= Robert Fox (antiquarian) =

British antiquarian

Robert Fox (2 March 1798, Godmanchester, England – 7 June 1843, Godmanchester) was an English antiquarian.

==Life==

He was the second surviving son of John Fox (1748-1817), cabinet maker and upholsterer, of Huntingdon, and second wife, Frances Maples (1760-1845).

Fox was admitted a member of the Royal College of Surgeons on 5 March 1819, and practised in Huntingdon and the neighbourhood. He was the founder of the Literary and Scientific Institution of Huntingdon in 1841, and was himself an able lecturer on subjects connected with antiquities, geology, natural history, and philosophy. His only publication, The History of Godmanchester, in the county of Huntingdon, 8vo, London, 1831, one of the best of its class, gained him admission to the Society of Antiquaries. He was also a member of the Numismatic Society.

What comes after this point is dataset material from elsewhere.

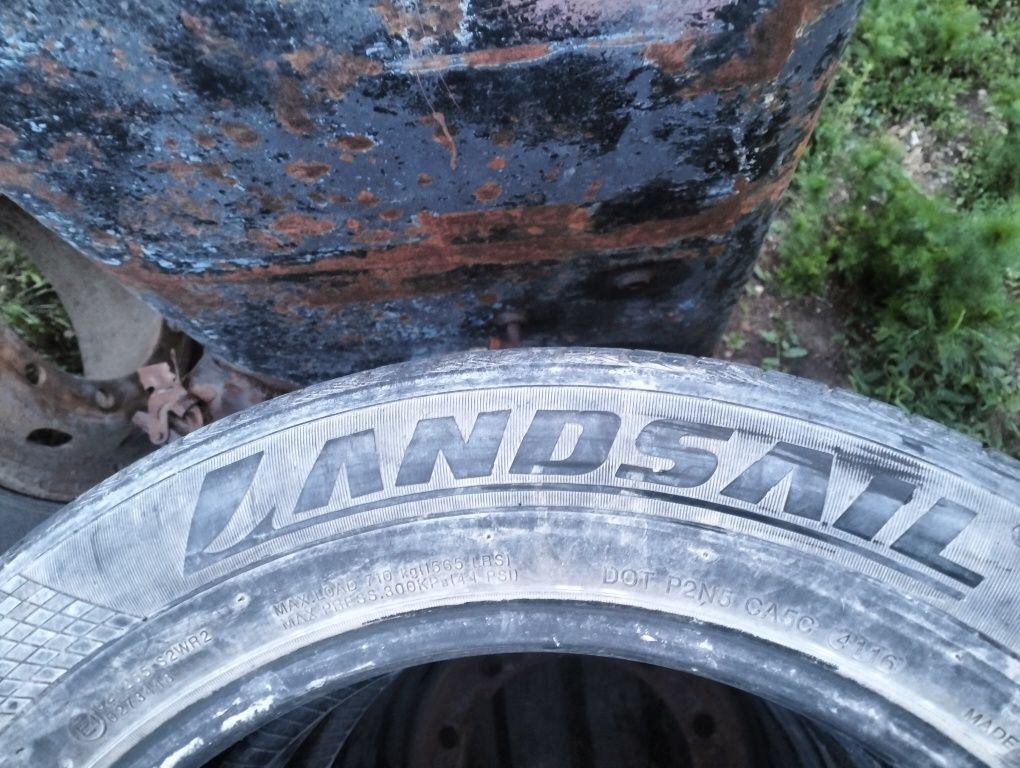 Продам резина б/у 215/60/17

In 1826 and 1831 he served as a bailiff of Godmanchester.

== Family ==

In 1821 at Godmanchester he married firstly Jane Ashton (1792-1831), daughter of Edward Ashton, of Old Weston, Huntingdonshire, and they had five children, three died young; her sister Elizabeth had married his elder brother, George Morris Fox in 1818. Their two surviving sons were Dr. Henry Erasmus Fox (1825-1869) and Conrad Fox (1826-1871), chemist, druggist, who went to New York. Jane Fox died in 1831.

In 1832 he married secondly Anne Taylor (1806–1877), sister of Rev. Richard Taylor who had married his youngest sister Mary Caroline Fox in 1829. She was the only daughter of Richard Taylor (1762-1818) and Catherine Spencer (1769-1810), and they had one daughter, Anne Taylor Fox (1839 Letwell, Yorkshire-1893 Godmanchester), who died unmarried.

== Death ==

Fox died in Godmanchester on 8 June 1843, aged forty-five, highly regarded for his benevolence.

Fox left a small but choice collection of coins and antiquities, mostly local 'finds.' This, together with his philosophical apparatus, was purchased by subscription after his death, and placed in the Huntingdon Literary and Scientific Institution as a testimonial to his memory.